The sharp edges are the things that scare me into silence. The sharp edges are the things that make me less than. Those sharp edges are what my nightmares and flashbacks are made of, and I am terrified that somehow those sharp edges will take all the progress I have made and smash it into millions of tiny pieces. So many times, I can't even get the words out, but I can when they are far away and there is a purpose for someone else. When I think of Spunky, all that little girl had to endure, it's on a level that is hard to comprehend. I know she is me, and I am her, but I don't feel like she is a part of me yet. She is something other than which lives outside of me. Sometimes it feels incredibly strange, talking about her as if she were someone else. In my brain, that is just what made sense. I know it was me, I know it happened to me. But my brain had to put it all on her for us to survive. The sharp edges are staring me down right now, as if to say, 'Here I am; what are you going to do?' I try so hard to move on, I have come so far, and this feels like a battle that I am not strong enough for sometimes. I say that, and I know I will be okay, but sometimes it just feels so much bigger than me. I often forget how far I have come, and that it's already happened and can't destroy me anymore. However, that fear is still present and very much alive. I don't fully understand it. On the one hand, I know it has already happened; I am still here, still breathing, and I can't be hurt by it anymore. The other part is still terrified by all those little sharp edges that make up that time; that feels crushing. I know it's over, but for that part of me, she is still trying to figure them out. Trying to make sense, wanting to understand. She would do anything to make it go away. All the things that I know and how far I have come, this is something I just don't know how to do. This part of my story is screaming at me, wanting something, and I am not sure what to give.

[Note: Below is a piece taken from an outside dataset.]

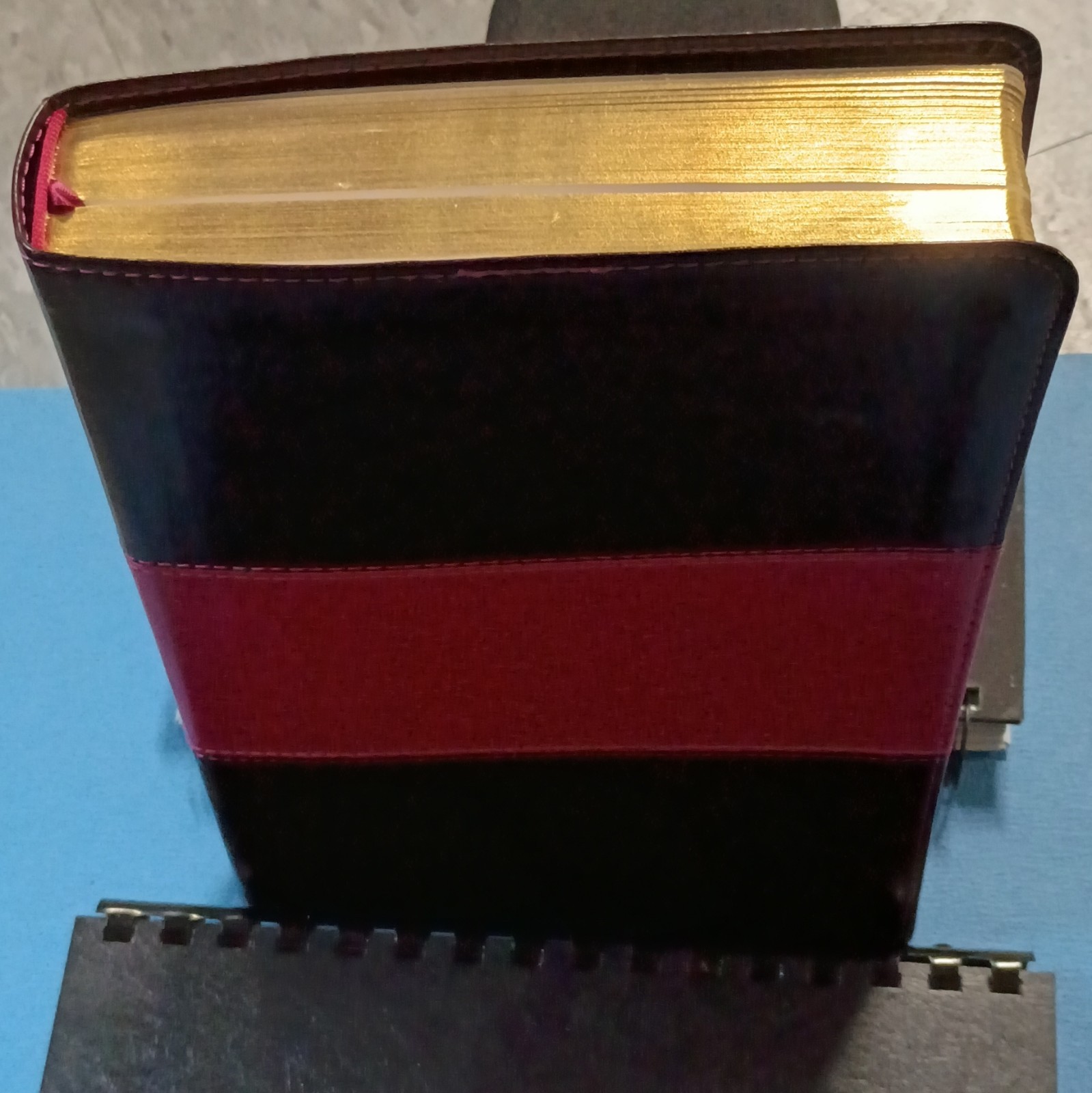Holman NIV Rainbow Study Bible Saddle Brown Leather Touch Cover Gilded Pages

Just so much hurt, for a girl who just wanted to be 13. Still so much pain for a woman of 50 and all that she missed out on. She didn't want to be mature; she didn't want to have all the answers. She just wanted to be a girl who was appreciated for being the sweet person she was. Nothing more, nothing less, just to be cared for and thought of. She wanted someone to look at her and think Wow, how lucky am I to know her. There is such a great loneliness right now that it is hard to find words for. I think I have been alone for most of my life, and it's come to a point where I no longer want to be. There are so many things about me to share: the things I am passionate about, the things that excite me, and the dorky side of me, which finds the strength in the smallest things that you would think are so insignificant. Those are the big things to me. Searching for Amelia's first rainbow was so precious.
A text from Vincent saying he loves me and asks if I need anything. Mariska saying Hello on her break at work. I worry all the time that the 13-year-old part of me makes me unlovable, and that she won't ever find peace. I am scared to death that those sharp edges will haunt her forever. She will eventually be beside me; she has to, because I will never stop fighting. But I want her to truly live; I want her to let the things she sees fall away and know that she deserves the best. It was just that those around her couldn't care for and love her the way she needed. Someday, I want someone to love her so fiercely that she will never look back and will know just how truly lovable she is. Someday, Someday.